# Carrabelle to Appalachicola............



## Parker Phoenix (Jul 26, 2011)

OK, I'm thinking I'm gonna pull out of Steinhatchee, after 5 years there I'm ready for some new surroundings. This past weekI scouted the stretch from Carrabelle to Appalachicola and really liked it. Yeah, it's a longer ride, but less seat time in the boat to the fish. Also, there are more varities of fish to target, more things to do when not fishing, and there is even some beaches close by for the wife. I may have found a campground to keep my camper in, yet am open to suggestions. Does anyone know any locals who may rent me camper space, and any suggestions on boat storage. Does any one have a lift or am I going to be launching my boat from a trailer? Also open to areas to fish, I like offshore, but am warming up to inshore fishing as of late. 
Thanks,
PP


----------



## jugislandrelic (Jul 26, 2011)

Made the same move a number of years ago. Not many people use a lift except for big boats.  I had my boat at Scipio creek marina for years. Really good people,  I kept my boat on out side rack. I called they put it in the water fueled it up put on bait and ice so I was ready to go what ever time i got there.  In the past I have seen them let people stay in campers or motor homes on site if they kept the boat there.  I've been fishing out of Mexico beach and PC last few years but may be back to Scipio next year.  Can't help you inshore but I can share some offshore numbers with you. The towers are great to fish to. I saw where you lost your hatch numbers. I'll bet you back up everything now.  Lost my  good numbers for the hatch from a bad f/f too. Now I back up my back up.  Good luck with the move


----------



## Parker Phoenix (Jul 26, 2011)

Yeah, lost a lot of seat time and some good rocks when my numbers went poof. You bet I am going to back my stuff up from now on. As far as the move I have heard many good things about this area of the gulf. I look forward to meeting new friends and learning new waters. I appreciate the offer.


----------



## oldenred (Jul 26, 2011)

why don't you put in somewhere in bama so you can go after some yellowfin???


----------



## Parker Phoenix (Jul 26, 2011)

I need to visit that way. My wife's sister lives there. It's just a long drive. That is why I stayed at the Hatch so long, it is only 3 1/2 hour drive. Appalachacola is a 5 hour drive, but the fish are closer.


----------



## XTREME HUNTER (Jul 26, 2011)

Keith PC has been treating me very well...just come over a little more


----------



## captbrian (Jul 26, 2011)

i sure wouldn't mind running out of app when the gags open back up!


----------



## XTREME HUNTER (Jul 26, 2011)

captbrian said:


> i sure wouldn't mind running out of app when the gags open back up!
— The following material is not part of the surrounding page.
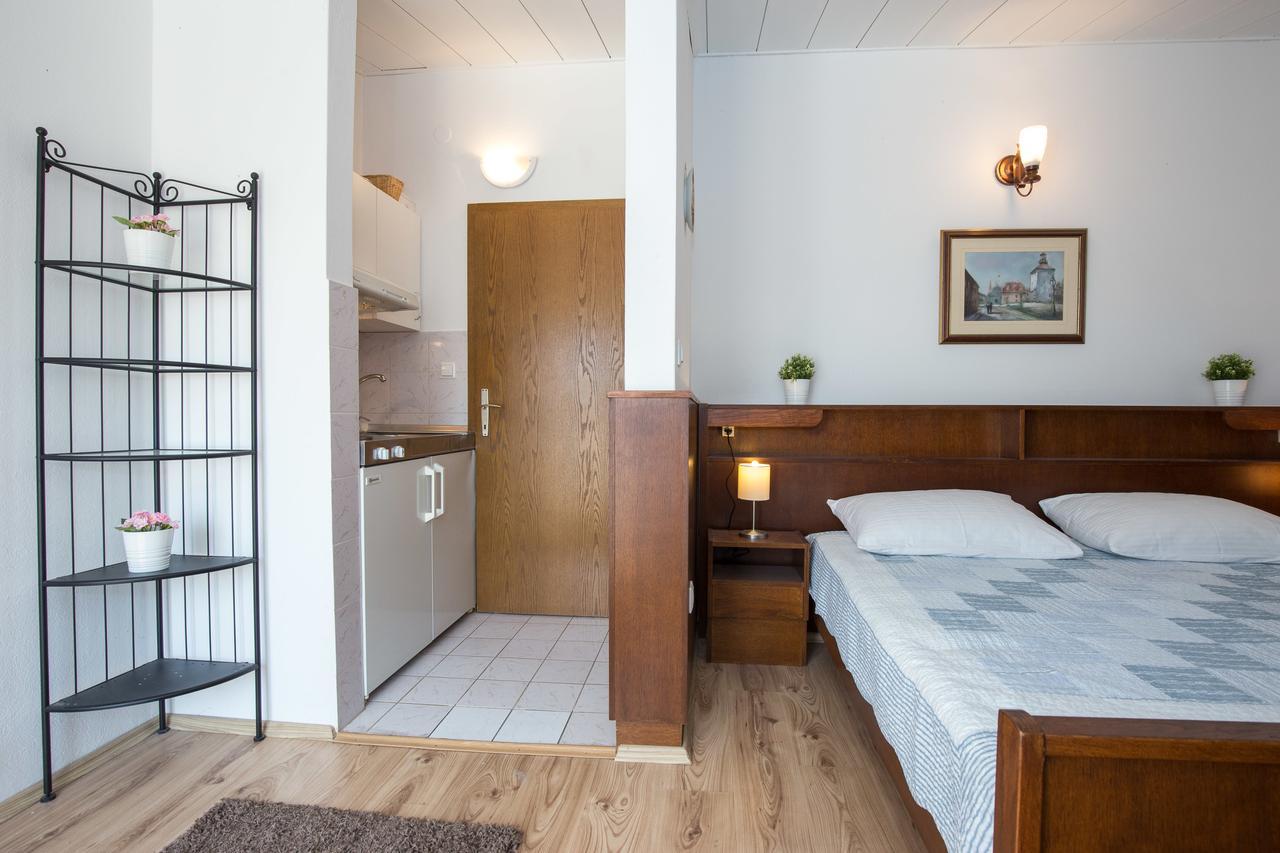 Apartments Pavic Malinska Εξωτερικό φωτογραφία
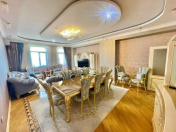 Satılır 4 otaqlı 181 m2 yeni tikili İnşaatçılar m.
Thats where we caught all them last fall right?


----------



## captbrian (Jul 26, 2011)

before crabtree made his mark on the regs....







and last september i only got to fish two places....


----------



## oldenred (Jul 26, 2011)

Parker Phoenix said:


> I need to visit that way. My wife's sister lives there. It's just a long drive. That is why I stayed at the Hatch so long, it is only 3 1/2 hour drive. Appalachacola is a 5 hour drive, but the fish are closer.



yea, but if you get out that way i'll be sure to come out


----------



## captbrian (Jul 26, 2011)

these came from down that way too gordon...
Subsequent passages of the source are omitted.